Tra arte e natura
Il mondo dell'animazione negli ultimi anni sembra aver allargato i suoi orizzonti, allontanandosi dal monopolio che, almeno da noi in occidente, aveva avuto la Disney, portando alla ribalta altri studios che, con il passaggio alla grafica generata al computer, si sono saputi imporre all'attenzione generale. Il primo nome che viene in mente è indubbiamente quello della Pixar, seguito a ruota da DreamWorks e Blue Sky Studios, ma affiancato da una serie di produttori meno noti che poco per volta si stanno facendo strada in USA, ma anche qui in Europa. Si tratta di un'attenzione maggiore che ha in qualche modo favorito l'uso dell'animazione tradizionale per scopi più puramente artistici ed autoriali, da Persepolis a Valzer con Bashir, fino a L'illusionista che proprio in queste ultime settimane è arrivato nelle nostre sale.
Non è il caso di Mià e il Migù, che seppur appartenente al magico mondo dell'animazione tradizionale, si mantiene ancorato alla dimensione favolistica e pedagogica del racconto per bambini.
E proprio nei bambini trova i suoi protagonisti: da una parte la piccola Mià del titolo ed il suo viaggio che parte da un piccolo paese dell'America Latina e la conduce, alla ricerca del padre scomparso, nel mezzo di una natura fatta di lussureggianti foreste e creature fatate; ed in Aldrin, in viaggio negli stessi luoghi con il padre imprenditore Jackhide, impegnato a salvaguardare l'affare della sua vita, cercando di nascondere le evidenti difficoltà in cui il suo cantiere si trova per convincere gli investitori a non tirarsi indietro.
Quelli dei due bambini sono due percorsi separati che si intrecciano, portandoli a collaborare, tra loro e con i Migù, le creature magiche che vivono nella foresta e custodiscono l'imponente albero che ne è il cuore, per salvare il mondo della natura in pericolo.Il tema ecologista e l'impegno ambientalista sono infatti centrali in Mià e il Migù e vengono ribaditi in vario modo per tutta la durata della pellicola, fino alla canzone che accompagna i titoli di coda, sottolineando i danni che l'uomo continua ad infliggere al pianeta con il suo comportamento.

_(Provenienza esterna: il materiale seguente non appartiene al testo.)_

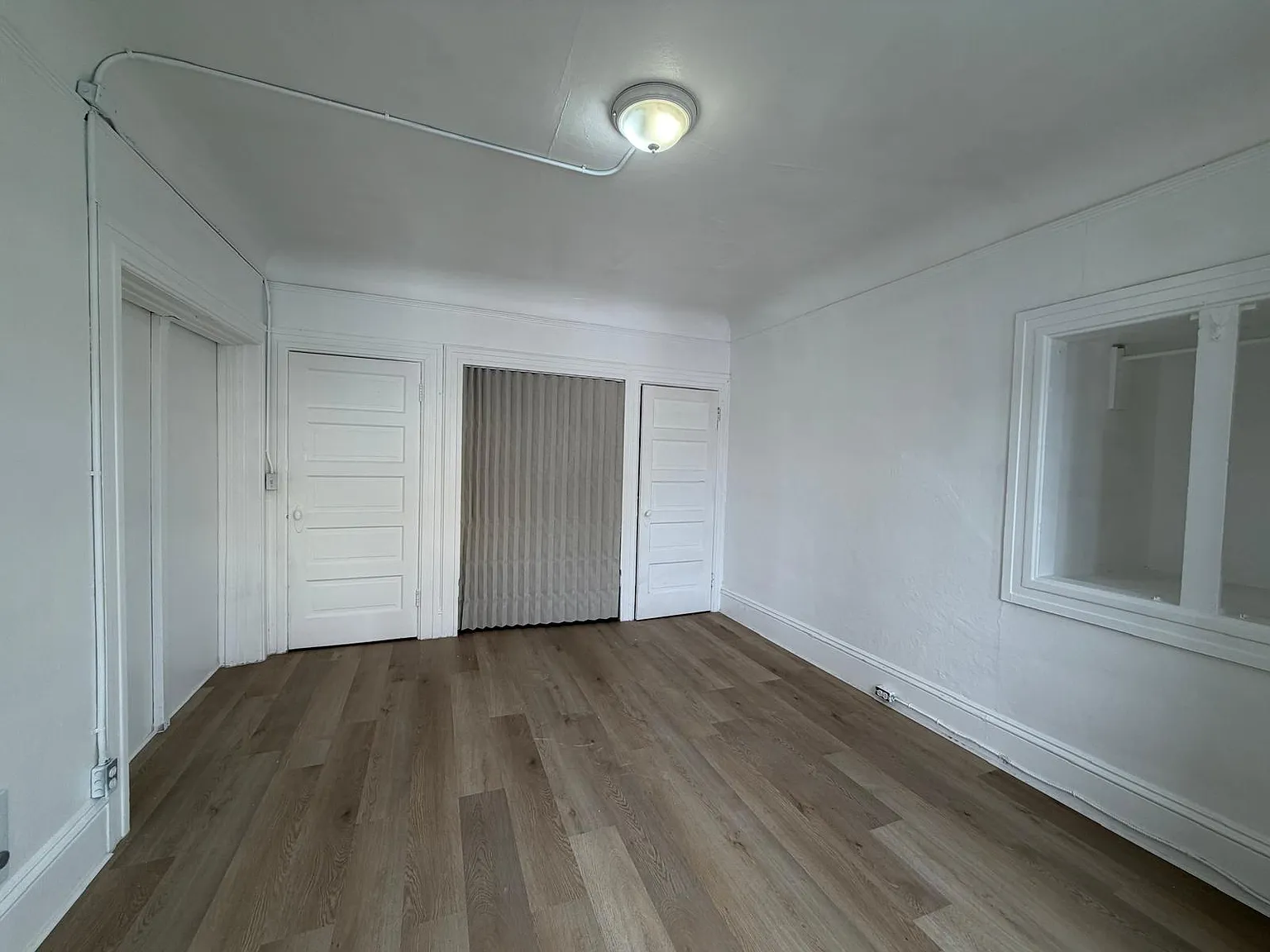 Waverly Street — Photo 1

Seppur predominante, quello ecologista non è l'unico tema maturo che fa capolino tra i risvolti di una storia dall'impostazione semplice, da fiaba, che si rivolge con delicatezza e dolcezza al mondo dei più giovani: il cantiere in cui lavora Pedro, il padre di Mià, è l'occasione per accennare allo sfruttamento ed alla condizione dei lavoratori, mentre il difficile rapporto tra genitori e figli in un mondo carico di impegni come il nostro si riflette in quello di Aldrin ed il padre; così come appare evidente il voler mettere in scena il contrasto tra regioni ricche e povere del pianeta. Non si tratta però degli unici motivi di interesse di Mià e il Migù, che nel dicembre 2009 a Bochum in Germania si è aggiudicato l'Oscar Europeo del cinema d'animazione: spicca anche l'aspetto puramente stilistico, assolutamente artigianale e lontano da quello che va per la maggiore nell'ambito dell'animazione mainstream. Quello del film di Jacques-Remy Girerd, al suo secondo lungometraggio dopo La profezia delle ranocchie, è un tratto ricercato nella sua semplicità, che si avvale di colori caldi e di richiami al mondo dell'impressionismo, e più in particolare ad artisti come Cezanne e Van Gogh, risultando una piacevole sorpresa nel campo dell'animazione europea (il film è prodotto con fondi francesi e, parzialmente, italiani), qualcosa di diverso dai colossi del cinema per ragazzi che stanno invadendo le sale per Natale (dalla Disney con Rapunzel a Megamind e Narnia), ma al quale speriamo che il pubblico possa riservare un minimo di attenzione.